Definitely an enjoyable watch.
 
I thought for sure somebody had reviewed "Bank of Dave," but I can't find it. On Netflix. Had it recommended to me several times, kept ignoring recommendations (not really sure why?), finally watched it. Very enjoyable. At least loosely based on real events. An all around great guy in a small town in England wants to open a small neighborhood bank for the betterment of the community. The banking industry was not okay with that. Against long odds he set out to make it happen. The actual star of the movie was a lawyer that aided Dave in his pursuit played by Joel Fry. I didn't even know his name, but he's very recognizable from smaller roles in "Yesterday" (the roadie) and "Cruella" (one of her sidekicks).

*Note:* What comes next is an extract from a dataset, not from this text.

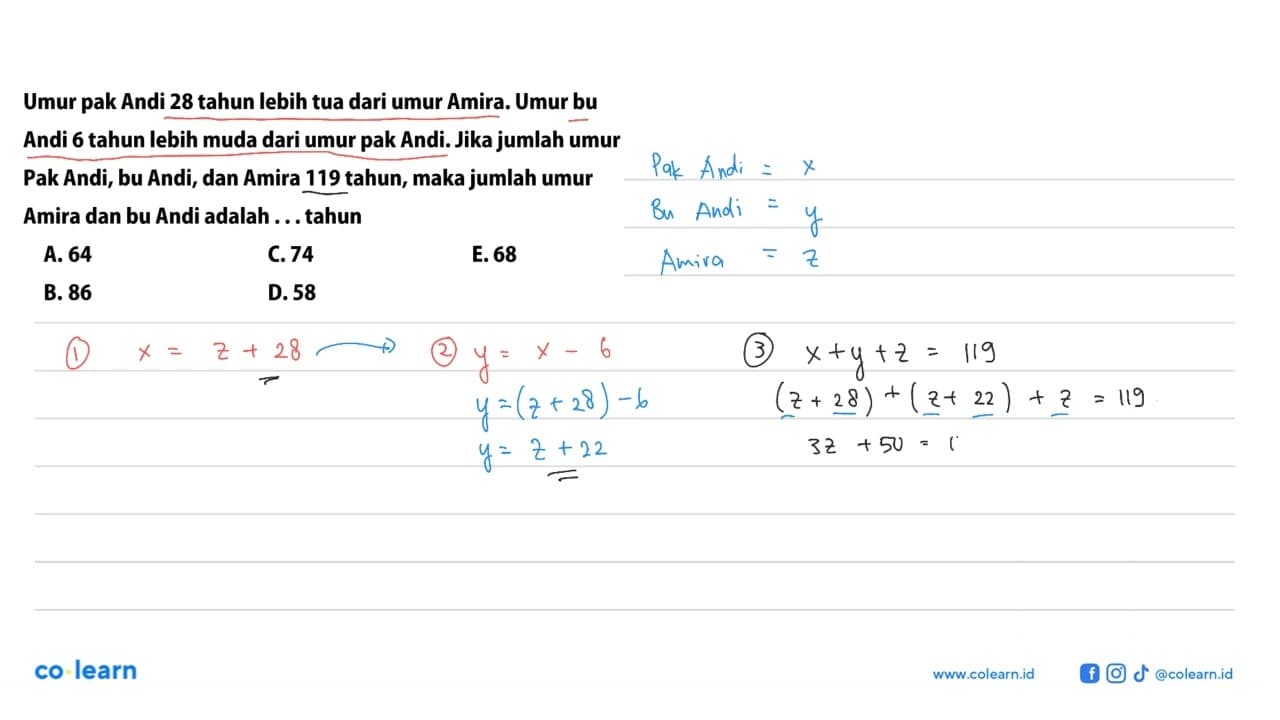 Umur pak Andi 28 tahun lebih tua dari umur Amira. Umur bu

Also featured Phoebe Dynevor. I didn't watch Bridgerton, knew who she is, my goodness she's a lovely woman. Also briefly had the guys from Def Leppard playing themselves.
 
On my current streak of watching movies I've missed along the way, I watched Fargo (1996) this weekend since I enjoyed No Country for Old Men so much. I gave it 3 out of 5 stars, maybe 3.5. It was goofier than it was dark in some points and the story was fine. Shot well, I thought the visual experience made you feel like you were really in a cold, windy wasteland, people trudging through thigh high snow, wearing lots of winter hats/gloves and still looking uncomfortably cold. A little too easy to murder people in broad daylight and not be caught easier.....but that's hollywood. You could say the same for a Pulp Fiction too.